The QoR-40 questionnaire[12] (Japanese version[13]) was presented to the participants 24 h after the surgical procedure. The QoR-40, as Myles introduced, "is a 40-item quality of recovery score measuring five dimensions: emotional state, physical comfort, psychological support, physical independence, and pain. Each item is rated on a 5-point Likert scale",[9] so the scores are from 40 to 200, with a higher score indicating the better QoR.

The SF-36 (Japanese version[14,15]) was sent by mail to the subjects 1 and 3 months after surgery and was sent back by the subjects using enclosed return envelope. The SF-36 is "widely used to measure health related QoL, which consists of eight scales: physical function (PF), role limitations due to physical problems (RP), bodily pain (BP), general health (GH), vitality (VT), social functioning (SF), role limitations due to emotional problems (RE), and mental health (MH)".[16] Scores are from 0 to 100 points, with the higher score indicating the better QoL. To minimize the loss to follow up, we sent a reminder to the subjects who had not returned the questionnaire.

Additional postoperative data collected were adrenocorticotropic hormone (ACTH), adrenaline, noradrenaline, dopamine, and cort (The samples were immediately taken to the clinical laboratory). Furthermore, data of the postoperative nausea and vomiting (PONV) and antiemetics use were collected when leaving the operating room, on 6 h and 24 h after the surgery. The pain score at rest and in motion using the numerical rating scale (NRS) from 0 (no pain) to 10 (worst pain imaginable) were asked on 6 h, 24 h, and 48 h after the surgery. The time when the patients started drinking and walking, and the total amount of bolus fentanyl consumed using the PCA were also checked.

Statistical Analysis

The primary outcome was the QoR-40 score 24 h after the conclusion of the surgical procedure. We started the study preliminary, and when 28 subjects have completed the QoR-40, we performed the power analysis to confirm eligible sample size for this study. The calculated number of patients for each group was 33 with a type 1 error of 0.05 and a power of 80%, for a difference of 13-point and standard deviation (SD) of 18.6 at this time (95% confidence interval [CI]: − 28.2 to 2.4, P = 0.094). We decided to recruit total of 70 subjects, considering some study participants would be lost. This was immediately reported to the Ethics Committee and was approved.

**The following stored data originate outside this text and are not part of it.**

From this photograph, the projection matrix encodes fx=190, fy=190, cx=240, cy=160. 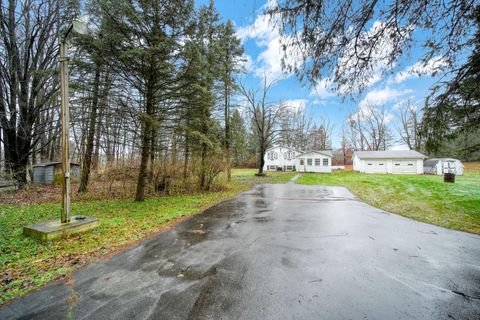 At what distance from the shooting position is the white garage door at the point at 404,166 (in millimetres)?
25561

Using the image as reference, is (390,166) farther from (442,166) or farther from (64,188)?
(64,188)

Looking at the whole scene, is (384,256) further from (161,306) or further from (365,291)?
(161,306)

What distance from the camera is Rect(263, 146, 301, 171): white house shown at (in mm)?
33469

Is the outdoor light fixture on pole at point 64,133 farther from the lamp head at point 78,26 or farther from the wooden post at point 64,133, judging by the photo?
the lamp head at point 78,26

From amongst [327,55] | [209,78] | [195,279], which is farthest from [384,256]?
[209,78]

Normally distributed data are reported as the mean (± SD) and were analyzed using unpaired t test. Non-normally distributed data are reported as the median (interquartile range [IQR]) and were analyzed using Mann-Whitney test. Categorical data were compared using Fisher's exact test. The SF-36 scores, hormones, and the pain score were compared using two-way repeated-measures analysis of variance (ANOVA) followed by between-group post hoc Student t tests with Bonferroni correction if significant differences revealed. Sample size analysis was performed using the R statistical software package, version 3.0.2 (R Foundation for Statistical Computing, Vienna, Austria). All other statistical analyses were performed using the GraphPad PRISM version 6.0 (La Jolla, CA), and P-values < 0.05 were considered statistically significant.